The OFDM has the following main parameters (more fine-tuning parameters are in ofdm.cc/ofdm.h):

- Nfft: the Fast Fourier transfer size.
- Nc: the number of used sub-channels.
- Dx: frequency distance between pilots.
- Dy: time distance between pilots.
- Nsymb: number of symbols per OFDM frame.
- gi: Guard interval to remove the multipath effect.
- pilot_boost: to define pilot carriers' power in relation to data carriers' power.
- freq_offset_ignore_limit: the minimum value of sampling frequency and carrier frequency offset to be compensated.

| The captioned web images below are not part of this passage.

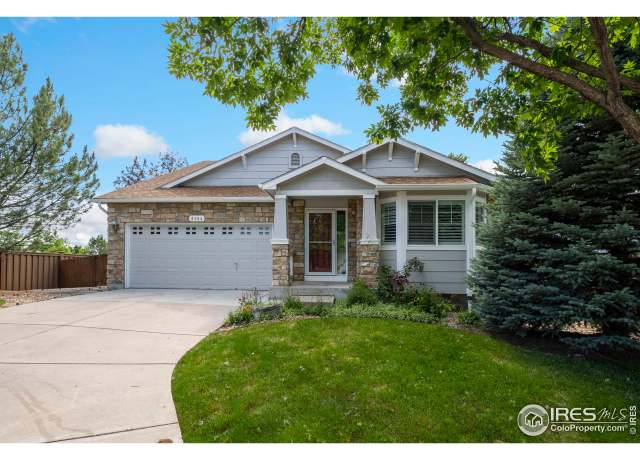 Property at 2384 Ponderosa Pl, Erie, CO 80516, 4 beds, 3 baths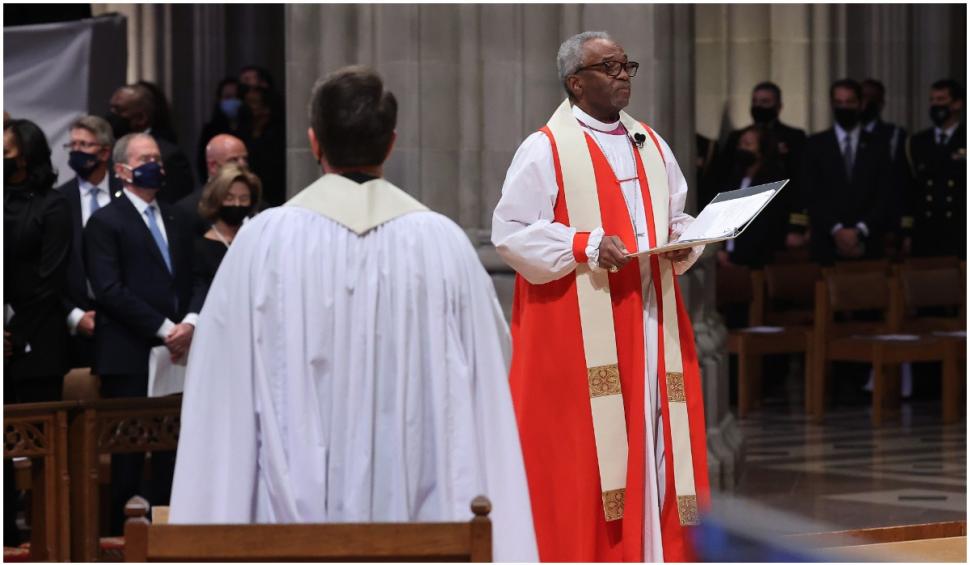 Funeralii nationale pentru Colin Powell, primul secretar de stat afro-american 734812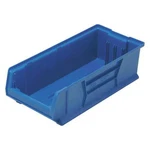 Quantum Storage Systems Qus952bl Bin, Polypropylene/polyethylene, Blue,. Fixed Price $23.45.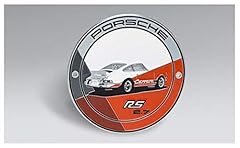 Porsche grillbadge 7 gebraucht kaufen  Wird an jeden Ort in Deutschland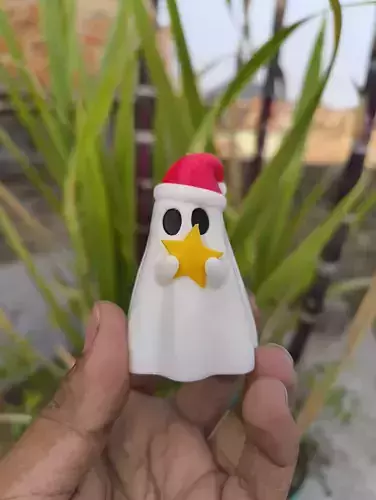 Christmas Special - Boo X Star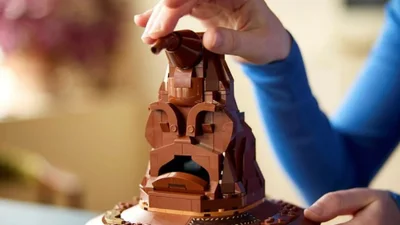 Новий LEGO для фанів "Гаррі Поттера": Сортувальний капелюх, який вміє розмовляти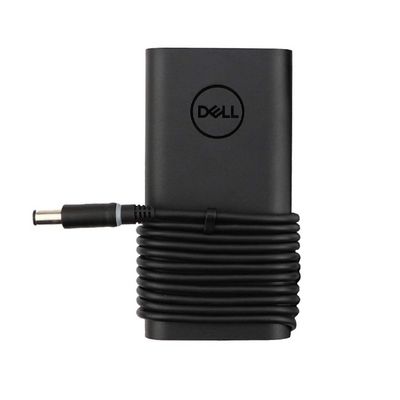 Dell 90W AC adapter for laptops,  19.5V output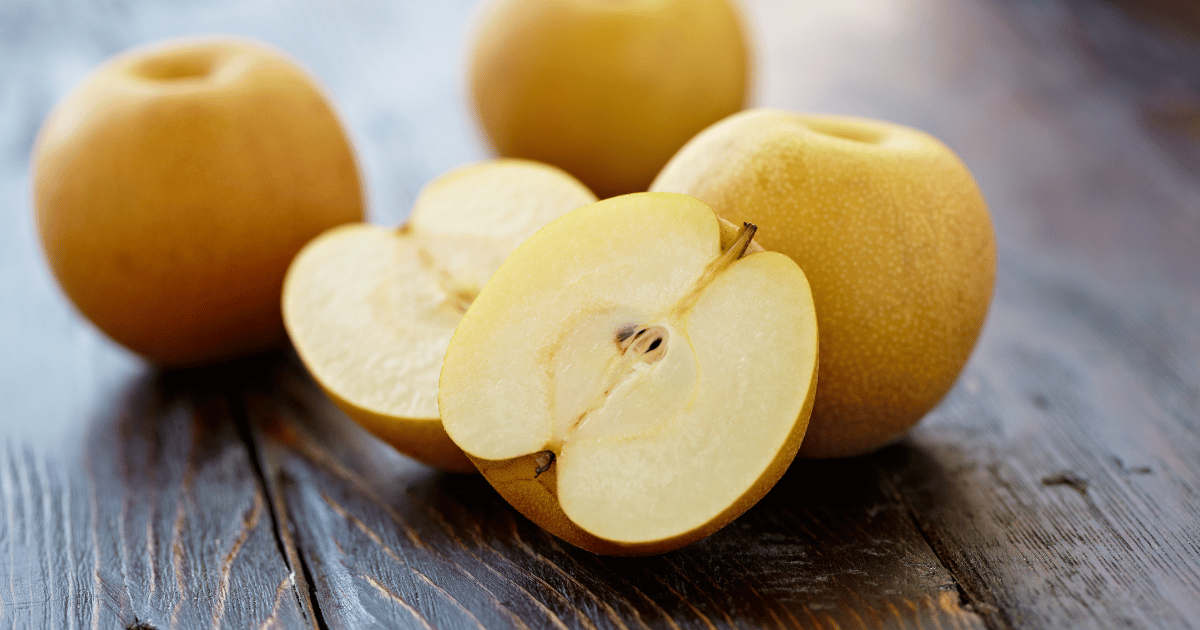 梨の黒星病：原因、症状、予防と対策の完全ガイド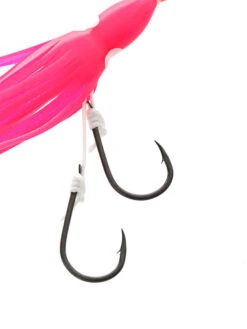Shimano Rock Hopper Sliding Jig Replacement Skirt 03T Glow/Pink L
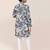 Kids boy grey cotton straight kurta pant set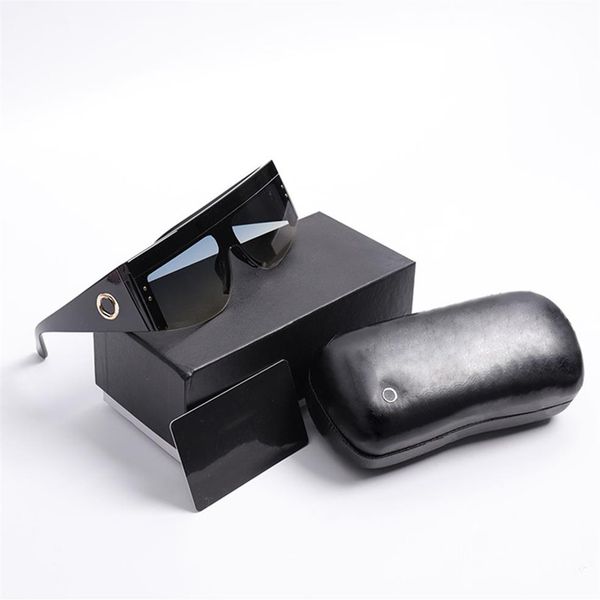 designer summer sunglasses fashion glasses with dark lenses design for man woman half frame 6 colors optional high-quality284w, White;black
designer summer sunglasses fashion glasses with dark lenses design for man woman half frame 6 colors optional high-quality284w, White;black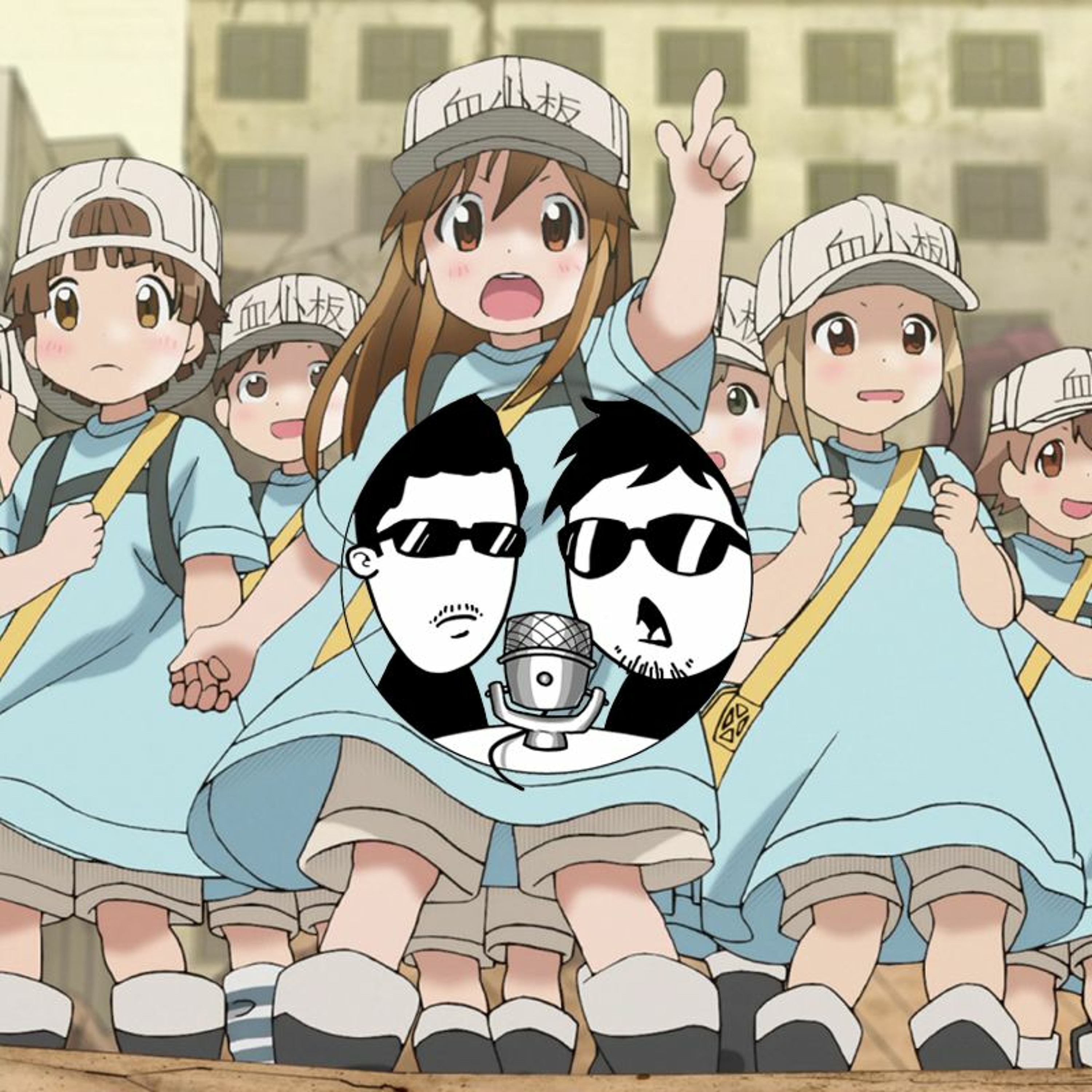 مقهى الانمي Anime Cafe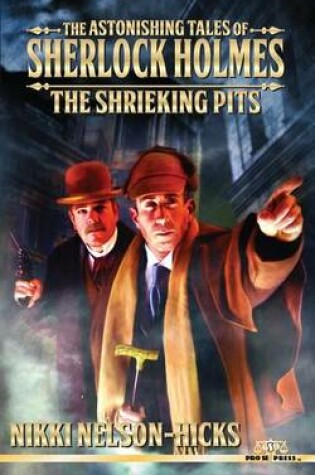 Cover of The Astonishing Tales of Sherlock Holmes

- ofdm_pilot_configurator_first_row: Set the first row to data or pilot.
- ofdm_pilot_configurator_last_row: Set the last row to data or pilot.
- ofdm_pilot_configurator_first_col: Set the first column to data or pilot.
- ofdm_pilot_configurator_second_col: Set the second column to data or pilot.
- ofdm_pilot_configurator_last_col: Set the last column to data or pilot.
- ofdm_pilot_configurator_seed: The seed used in the pseudorandom data generator of the pilot sequence.
- ofdm_pilot_density: Pilot density (HIGH_DENSITY or LOW_DENSITY).
- ofdm_start_shift: Number of non-used subcarriers starting at 0 Hz.
- ofdm_channel_estimator: The channel estimation Method (Zero-Force or Least-Square).
- ofdm_channel_estimator_amplitude_restoration: Activate amplitude restoration (Yes, No). (only with M-PSK modulation)
- ofdm_LS_window_width: The least-Square window width.
- ofdm_LS_window_hight: The least-Square window height.
- bit_energy_dispersal_seed: The seed used in the pseudorandom data generator of the bit energy dispersal.


The LDPC has the following main parameters:
- decoding algorithm: the decoding algorithm can be either the Sum-Product algorithm (SPA) or the Gradient Bit-Flipping (GBF)
- standard and framesize: the LDPC code deploys specially designed LDPC matrices of the size 1600 bits with three different code rates
- rate: the code rate that defines the protection level vs data rate (1/16, 2/16, 3/16, 4/16, 5/16, 6/16 8/16, 14/16).
- GBF_eta: the GBF LDPC decoder correction rate.
- nIteration_max: the number of maximum decoding iterations.

The outer code has the following options:
- outer_code: (CRC16_MODBUS_RTU or NO_OUTER_CODE)